Watch: India’s parrot park boasting most bird species in an aviary, makes it to Guinness world record

A rehabilitation that is home to around 2100 colourful birds of 468 different species in Mysuru, has made it to the Guinness World Records for hosting maximum number of bird species in an aviary.

Shuka Vana  or Parrot Park that established in 2012 by seer Dr Sri Ganapathy Sachchidananda Swamiji, is situated in the serene premises of Sri Ganapathy Sachchidananda Ashrama, located in the picturesque foothills of Chamundi Hill.

This is the home to numerous rare and colourful species of parrots from all over the world.
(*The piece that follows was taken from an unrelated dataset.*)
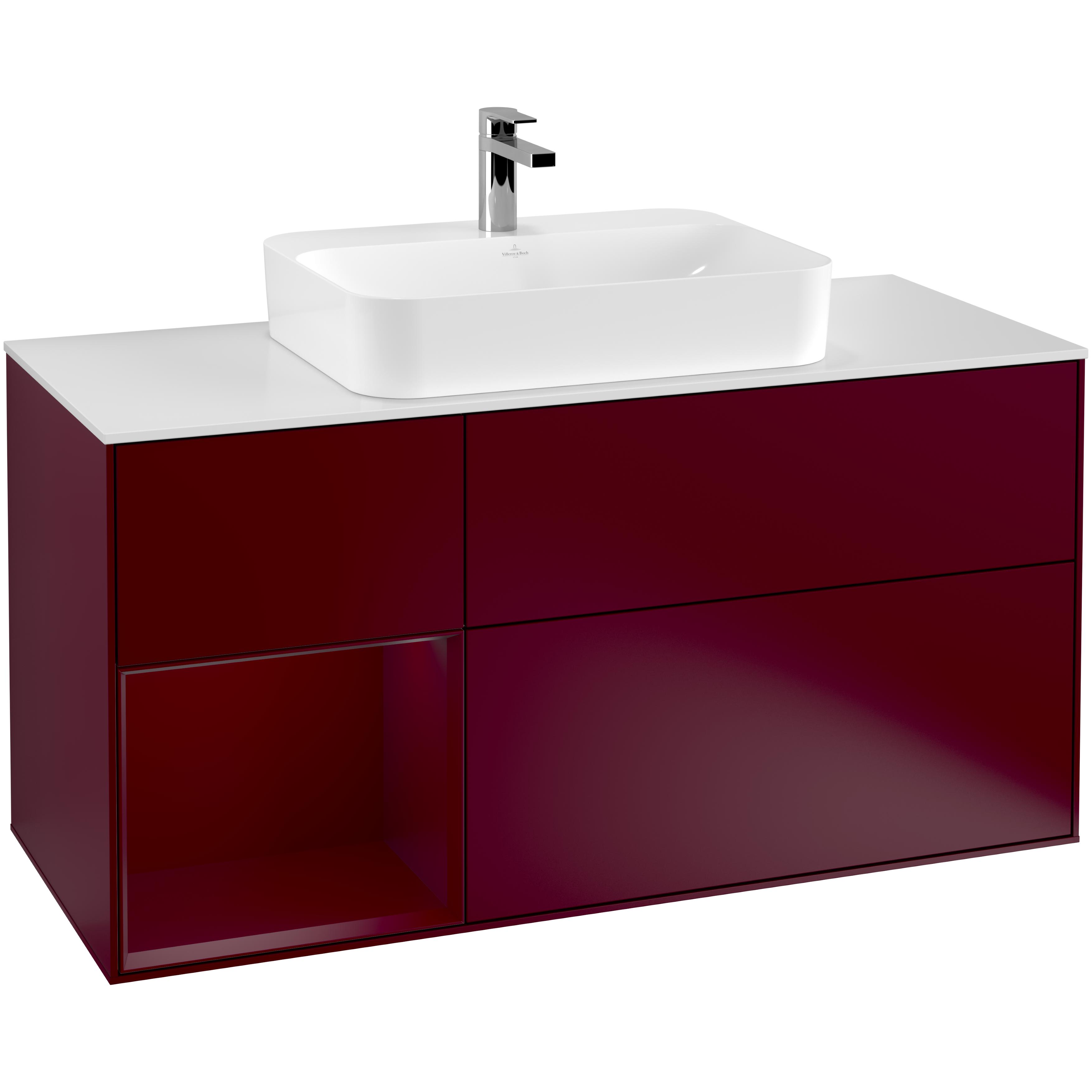 Tvättställsskåp Villeroy & Boch Finion med 3 Lådor Hylla och Bänkskiva för Ytmonterat Tvättställ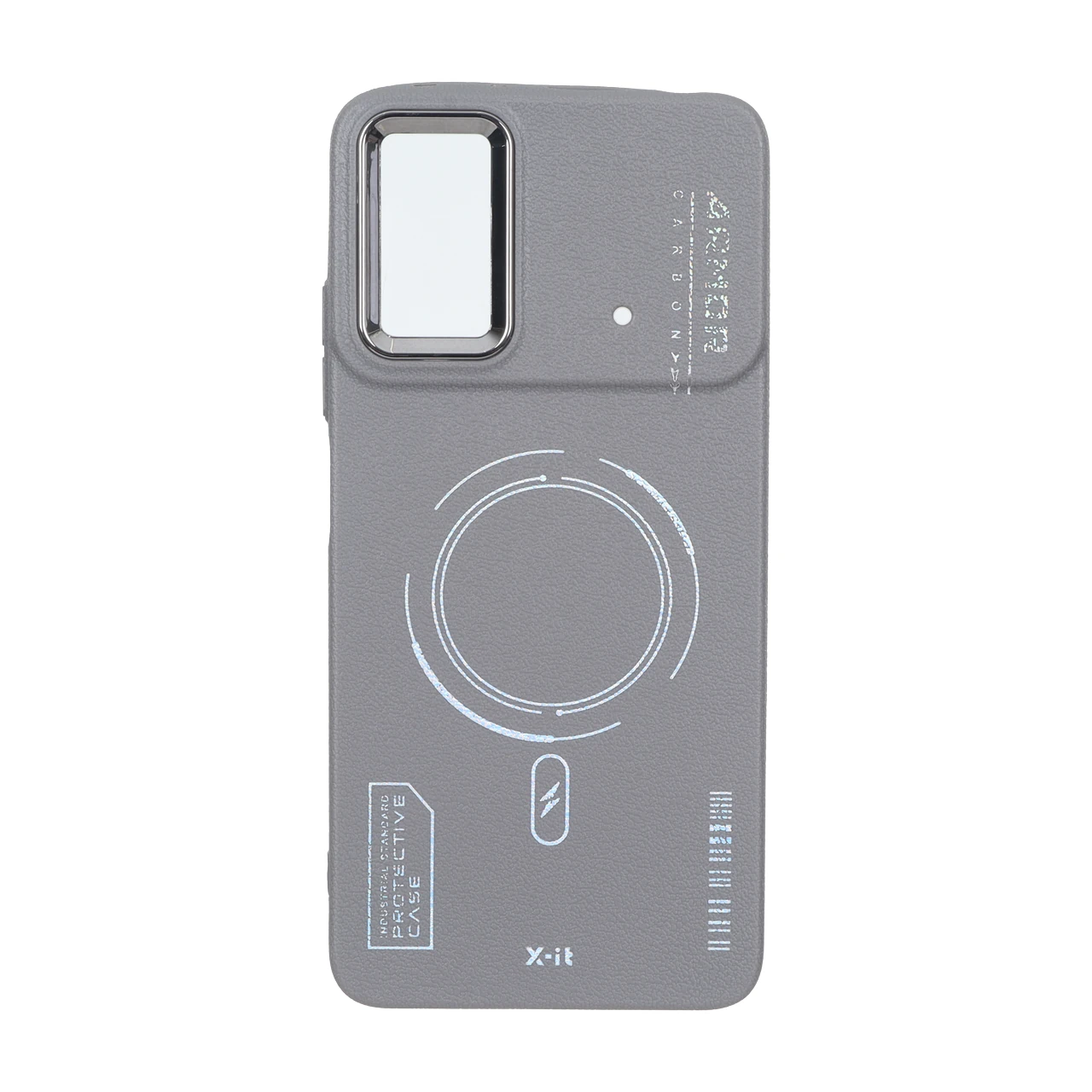 قاب Armor لنز متال Texture طرح مگ سیف Xiaomi Poco X4 Pro  - خاکستری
Swamiji says, “When we see the smile of another individual, we respond with a smile. By doing so we recognize and acknowledge the sameness of species irrespective of difference of the language, culture, or ethnicity. But we do not do the same with animals, birds, reptiles, or insects. A parrot, on the other hand, naturally identifies with and shares the expressions of all those whom it notices around it, regardless of species. It empathizes with everyone and everything that it comes in contact with, and blends its voice with theirs. It makes no distinction, be it a speaking or coughing human, a meowing cat, a mooing cow, a barking dog, a ringing telephone, a beating hammer, a slamming car door, or a beeping electronic gadget. Anything that makes a movement or a sound attracts a parrot’s attention and it mimics the sound and sometimes the movement with as much accuracy as its capacity will allow.”

“The parrot’s talent for reproducing human speech and songs arises out of this empathy and inclusiveness, granting it the required level of concentration to grasp the nuances of sound. Because it ignores the differences, a parrot is not intimidated at the magnitude of the task of learning to speak different tongues or repeating the sounds made by different objects,” adds Swamiji.

Shuka Vana gives shelter to injured and abandoned birds as well. Swamiji has resolved to take care of physically challenged birds that do not receive proper care from their owners who have lost interest in them.

According to the rehabilitation centre, birds are vital to the existence of the human race and that their alarmingly diminishing numbers in recent times do not bode well. “I urge the halting of practices such as deforestation and consumerism. I appeal for a better informed, sensitive, reverential, and friendly treatment of birds,” says Swamiji.